**Description of the task**
Set down the whole listing verbatim.

= Beginning of Section =

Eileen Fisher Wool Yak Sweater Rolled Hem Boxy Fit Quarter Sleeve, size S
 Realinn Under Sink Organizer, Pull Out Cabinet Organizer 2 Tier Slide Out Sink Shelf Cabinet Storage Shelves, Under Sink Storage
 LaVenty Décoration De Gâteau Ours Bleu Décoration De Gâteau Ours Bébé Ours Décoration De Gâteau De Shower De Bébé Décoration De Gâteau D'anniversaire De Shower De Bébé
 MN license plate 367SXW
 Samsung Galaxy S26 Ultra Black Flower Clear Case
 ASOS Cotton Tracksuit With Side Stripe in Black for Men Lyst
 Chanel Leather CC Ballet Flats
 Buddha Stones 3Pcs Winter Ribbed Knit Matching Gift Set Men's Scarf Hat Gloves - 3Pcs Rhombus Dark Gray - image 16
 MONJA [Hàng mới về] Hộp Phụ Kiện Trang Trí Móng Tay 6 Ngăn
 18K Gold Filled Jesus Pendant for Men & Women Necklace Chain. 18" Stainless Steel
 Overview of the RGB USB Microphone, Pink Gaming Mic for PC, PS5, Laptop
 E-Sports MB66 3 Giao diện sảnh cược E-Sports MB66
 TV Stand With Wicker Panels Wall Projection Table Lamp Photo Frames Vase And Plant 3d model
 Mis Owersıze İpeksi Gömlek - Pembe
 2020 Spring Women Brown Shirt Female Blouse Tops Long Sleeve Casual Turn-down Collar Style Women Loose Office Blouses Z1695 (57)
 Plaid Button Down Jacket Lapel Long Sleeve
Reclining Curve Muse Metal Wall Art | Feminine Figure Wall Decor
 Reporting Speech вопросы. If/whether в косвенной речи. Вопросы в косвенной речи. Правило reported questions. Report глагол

= End of Section =

**Your solution**
Eileen Fisher Wool Yak Sweater Rolled Hem Boxy Fit Quarter Sleeve, size S
 Realinn Under Sink Organizer, Pull Out Cabinet Organizer 2 Tier Slide Out Sink Shelf Cabinet Storage Shelves, Under Sink Storage
 LaVenty Décoration De Gâteau Ours Bleu Décoration De Gâteau Ours Bébé Ours Décoration De Gâteau De Shower De Bébé Décoration De Gâteau D'anniversaire De Shower De Bébé
 MN license plate 367SXW
 Samsung Galaxy S26 Ultra Black Flower Clear Case
 ASOS Cotton Tracksuit With Side Stripe in Black for Men Lyst
 Chanel Leather CC Ballet Flats
 Buddha Stones 3Pcs Winter Ribbed Knit Matching Gift Set Men's Scarf Hat Gloves - 3Pcs Rhombus Dark Gray - image 16
 MONJA [Hàng mới về] Hộp Phụ Kiện Trang Trí Móng Tay 6 Ngăn
 18K Gold Filled Jesus Pendant for Men & Women Necklace Chain. 18" Stainless Steel
 Overview of the RGB USB Microphone, Pink Gaming Mic for PC, PS5, Laptop
 E-Sports MB66 3 Giao diện sảnh cược E-Sports MB66
 TV Stand With Wicker Panels Wall Projection Table Lamp Photo Frames Vase And Plant 3d model
 Mis Owersıze İpeksi Gömlek - Pembe
 2020 Spring Women Brown Shirt Female Blouse Tops Long Sleeve Casual Turn-down Collar Style Women Loose Office Blouses Z1695 (57)
 Plaid Button Down Jacket Lapel Long Sleeve
Reclining Curve Muse Metal Wall Art | Feminine Figure Wall Decor
 Reporting Speech вопросы. If/whether в косвенной речи. Вопросы в косвенной речи. Правило reported questions. Report глагол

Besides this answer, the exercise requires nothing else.